Des troupes à former. Les forces armées ukrainiennes, estimées à 120.000 hommes, subissent de lourdes pertes évaluées à plusieurs dizaines de morts et de blessés par jour, notamment parmi les troupes expérimentées et celles formées dans les pays de l’OTAN. Le grand nombre de contrats d’engagements militaires courts, souscrits durant la guerre dans le Donbass entre 2014 et 2022, a permis à l’Ukraine de disposer d’une certaine réserve expérimentée. Mais ce vivier a été mal exploité en raison de l’hétérogénéité des unités, de la guerre d’usure et d’une mauvaise gestion, comme l’envoi de conscrits au front sans un entraînement préalable de plusieurs semaines. La plupart des 400.000 « mobilisables » n’a aucune expérience militaire. La remontée en puissance des forces ukrainiennes repose donc sur la formation dans les pays alliés. L’opération britannique « Orbital » a ainsi formé 22.000 soldats entre 2015 et 2022. Puis l’opération « Interflex », qui rassemble plus de 800 instructeurs britanniques, australiens, danois, canadiens, lituaniens, néerlandais, néo-zélandais, norvégiens, finlandais et suédois, a organisé des stages de trois semaines à 10.000 hommes en 2022, chiffre qui devrait doubler en 2023. Un programme international, sous commandement américain et incluant des instructeurs britanniques, canadiens et lituaniens, a formé 23.000 officiers et sous-officiers entre 2015 et 2022. Entre avril et août 2022, la « Task Force Gator » (américaine) a formé 1.600 militaires sur 16 systèmes d’armes…américains ! En juin 2023, l’initiative « European Union Military Assistance Mission », qui rassemble 23 pays européens dont la Pologne, l’Allemagne, la France, l’Espagne et l’Italie, aura formé 12.000 combattants et 2.800 spécialistes dans des stages de 30 jours.

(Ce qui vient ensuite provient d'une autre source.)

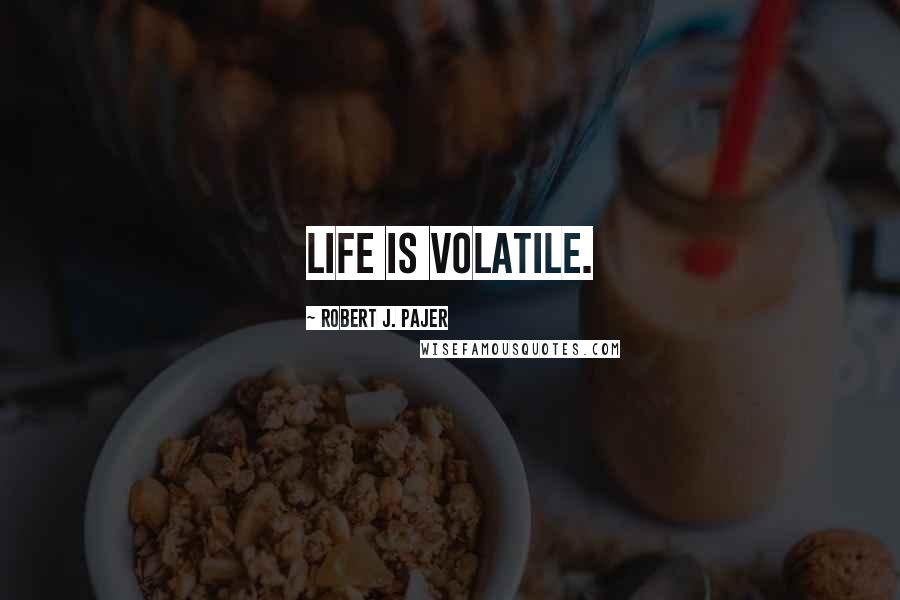 Robert J. Pajer Quotes: Life is volatile.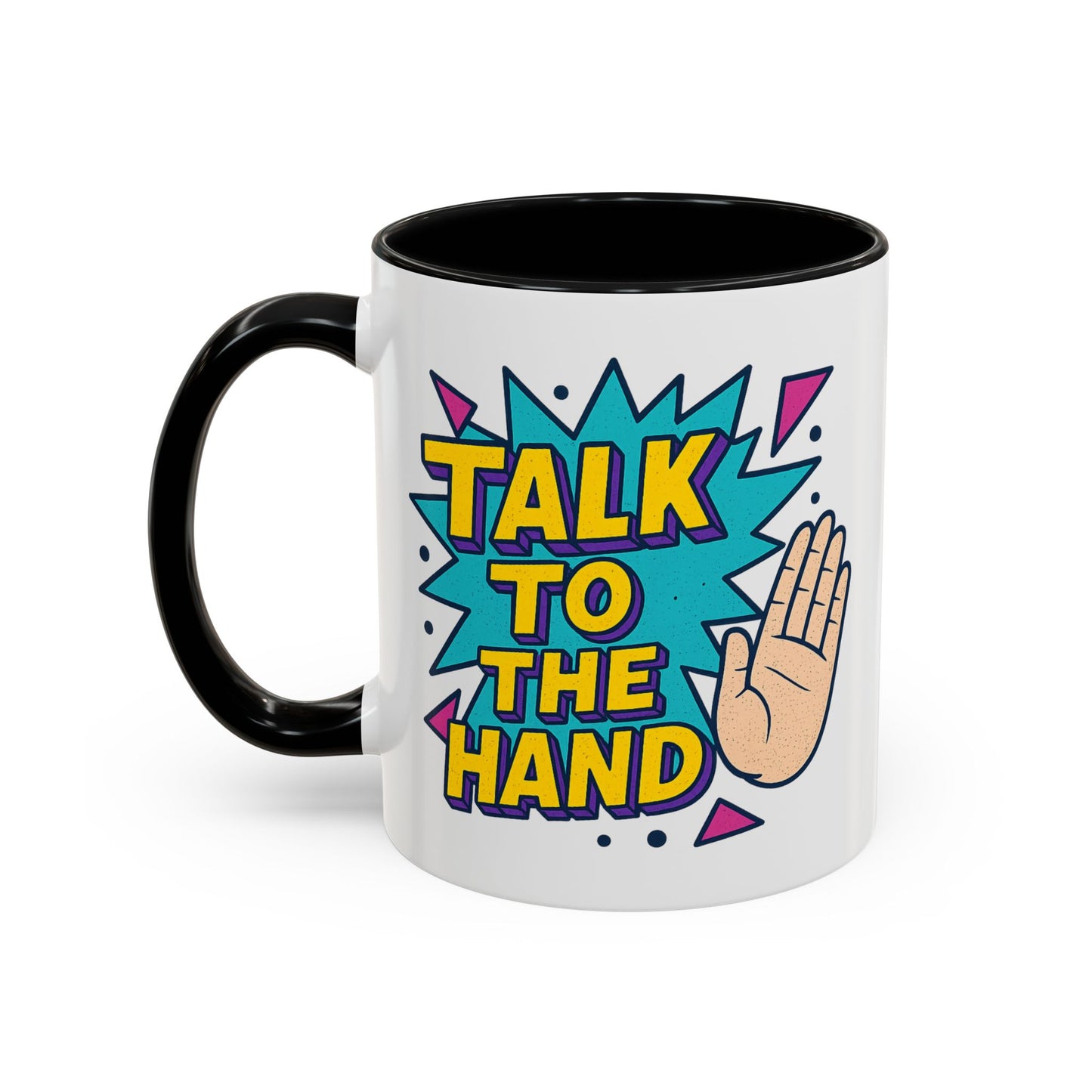 Humor Mug - Talk To the Hand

Des armements lourds insuffisants. Malgré les captures d’équipements russes, dont seulement 30 % réutilisables, et les livraisons d’armes occidentales, l’usure opérationnelle et les pertes freinent la montée en puissance des parcs ukrainiens. Celui des chars, qui en a déjà perdu de 800 à 1.000, n’en compterait qu’entre 700 et 1.000. En raison de la perte plausible de 2.000 véhicules ukrainiens, le parc d’engins blindés atteindrait 3.000, grâce à la capture de quelques centaines de véhicules russes et surtout aux livraisons occidentales de 3.500 véhicules blindés de combat d’infanterie (VBCI), transports de troupes blindés et autres véhicules. S’y ajouteront les livraisons, promises et échelonnées sur plusieurs mois, de 300 chars tous modèles confondus, 200 VBCI, 450 véhicules tout terrain, 300 MRAP (véhicules conçus pour résister aux engins explosifs improvisés et aux embuscades) et 120 canons autopropulsés, qui subiront aussi des pertes et dont il faudra assurer le maintien en condition opérationnel. Leur expérience du combat, acquise depuis 2014, et leur formation à l’américaine ont permis aux Ukrainiens de réagir dans l’emploi de l’artillerie. Ils disposent de bombes de petit diamètre lancées du sol (bombes guidées planantes) combinant longue portée et précision, de lance-missiles balistiques Vilkha-M ukrainiens et de canons Caesar français et PzH 2000 allemands. Très utilisés, ces canons subissent une usure accélérée. Des centres de maintien en condition opérationnelle ont donc été installés en Lituanie, Pologne et Slovaquie.

Des stocks de munitions limités. L’intensité des combats entraîne des cadences de tirs de 5.000 à 7.000 obus/jour et réduit les stocks. Les 1.500 canons d’origine soviétique tirent des obus de 122 mm et 152 mm, mais les canons « occidentaux » surtout des obus de 155 mm. Or les tirs d’obus de 155 mm atteignent 3.500/jour. Entre mai 2022 et février 2023, les États-Unis ont livré 1,1 million d’obus de ce calibre et les autres pays alliés (France, Grande-Bretagne, Canada, Finlande, Allemagne, Italie, Norvège, Espagne et Suède) 100.000, soit en tout trois mois de munitions au rythme actuel. Enfin, le brouillage russe réduit le stock des drones. En moyenne, le drone d’une unité d’infanterie ne dure qu’un jour contre 40 pour une unité d’artillerie.